Covers new erasure_index field in the TypeVariablesMap attribute.

The
TypeVariablesMap
attribute

The first thing a specializer runtime might need to know is which type-variables have been marked with the special modifier any in the corresponding source code. Since the source code is subject to type-erasure, all type information involving type-parameters is lost - meaning that an any type-variable is turned into an ordinary type-variable whose bound is simply Object. To make up for this information loss, we define a bytecode attribute, namely TypeVariablesMap, which stores all source-related flags associated with any given type-variable. The structure of this attribute is given below:

TypeVariablesMap_attribute {
    u2 attribute_name_index;
    u4 attribute_length;
    u1 entries_length;
    {
        u2 owner_idx
        u1 tvars_length;
        {
            u1 flags;
            u2 erasure_idx;
        } tvars_info[tvars_length];
    } entries_info[entries_length]
}

Here, entries_length denotes the number of type-variable mappings in this class/method declaration (maximum number of 255 mappings are supported); each mapping is associated to a given owner - the declaration the type-variables in this mapping belongs to.
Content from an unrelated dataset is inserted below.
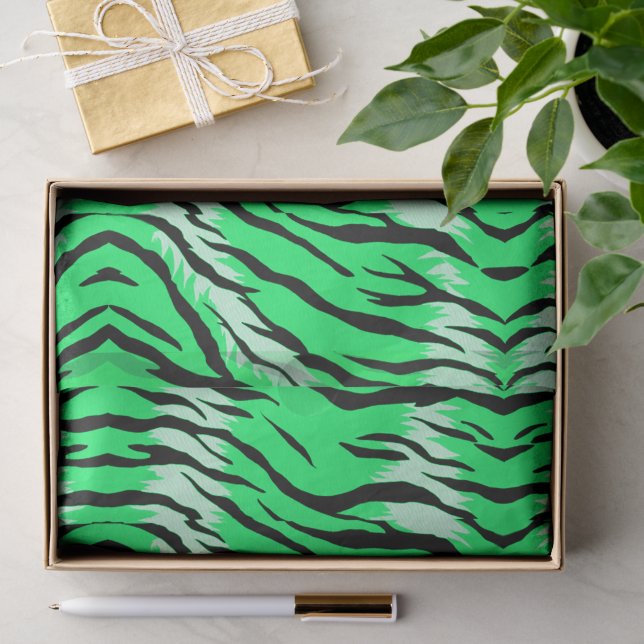 Grünes Tiger-Tierhaut-Musterdesign  Seidenpapier (Geschenk)
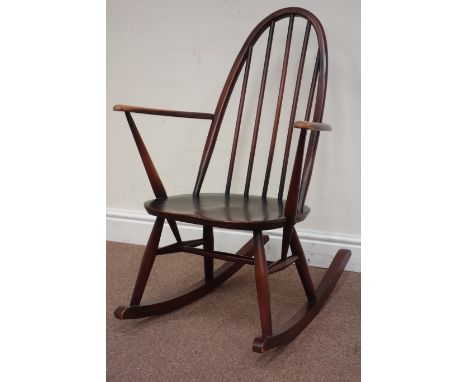 Ercol 'Windsor' beech and elm seat rocking chair Condition Report Click here for further images, condition, auction times & d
For this purpose, owner_idx points to a constant pool entry of kind CONSTANT_Utf8_info containing the string-based representation of the owning declaration (either a method or a class -- see example below). Each mapping contains tvars_length type-variables, where each type-variable T is associated with an 8-bit flags (flags) - currently, only one bit is used, with 0 denoting standard type-variables and 1 denoting any type-variables, respectively; and with an index (erasure_idx) to a constant pool entry of kind CONSTANT_Utf8_info containing the erased signature of T. Consider the following source:

class Outer<any T> {
    <any Z> void m() {
        class Inner<any U> { }
    }
}

The above program generates three two classfiles, one for the toplevel class Outer and one for the local class Inner. Let's look at the TypeVariableMapping attribute for Inner:

TypeVariablesMap:
  LOuter$1Inner;:
    Tvar  Flags  Erased bound
    U     [ANY]  Ljava/lang/Object;
  LOuter;::m()V:
    Tvar  Flags  Erased bound
    Z     [ANY]  Ljava/lang/Object;
  LOuter;:
    Tvar  Flags  Erased bound
    T     [ANY]  Ljava/lang/Object;

Note how the TypeVariablesMap attribute for Inner defines mappings for both the current and the enclosing type-variables (mappings are sorted from innermost to outermost). This allows for fast type-variable lookups (the alternative would have been to rely on existing InnerClasses and EnclosingMethod attribute - which requires jumping between different classfiles).

The
BytecodeMapping
attribute

The runtime specializer needs to know which opcodes in the erased classfile needs to be specialized; for instance, if the erased classfile performs an aload instruction, and the local variable has type any T in the source code, the specializer might need i.e. to replace the aload with an iload. To allow this rewriting in a straightforward fashion, we introduce an additional bytecode attribute, namely BytecodeMapping, which stores the bytecode offsets of all specializable opcodes in a given method. Extra type information is also stored in this attribute, so that the original (unerased) type information can be reconstructed by the specializer. The structure of this attribute is given below:

BytecodeMapping_attribute {
   u2 attribute_name_index;
   u4 attribute_length;
   u2 mappings_length; 
   {
       u2 bc_offset;
       u2 cp_idx;
   } mappings[mapping_length];
}

Here, mapping_length denotes the number of mappings in this attribute; the mappings are stored in an array (mappings) of size mapping_length, where each mapping is a tuple of two elements: a bytecode offset (bc_offset) and an index to a constant pool entry of kind CONSTANT_Utf8_info (cp_idx). The cp_idx field is crucial to retrieve unerased type-information associated with a given opcode - this info mihght be required by the specializer in order to emit correct opcodes/constant pool entries in the specialized classfiles. An overview of the possible specializable opcoes, along with the type information associated with them is given in the following table (in this table we use the term 'type' to denote an unerased type signature):

opcode category Utf8 value
aloadXX 1 local variable type
astoreXX 1 top-of-stack element type
aaload 1 array element type
aastore 1 array element type
areturn 1 enclosing method return type
dupXX 1 top-of-stack element type
if_acmpXX 1 top-of-stack element type
new 2 class type
anewarray 2 array type
amultinewarray 2 array type
ldc 2 class literal type
checkcast 2 cast type
instanceof 2 instanceof type
XXfield 3 instantiated field descriptor
invokeXX 3 instantiated method descriptor

As it can be seen, specializable opcodes are divided into three main categories; opcodes in the first category (such as aload) can be specialized only if the associated unerased type is either an any type variable or an array type whose element type is an any type-variable; opcodes in the second category can be specialized if the associated unerased type is a class type where at least one type-parameter is an any type-variable (or an array thereof).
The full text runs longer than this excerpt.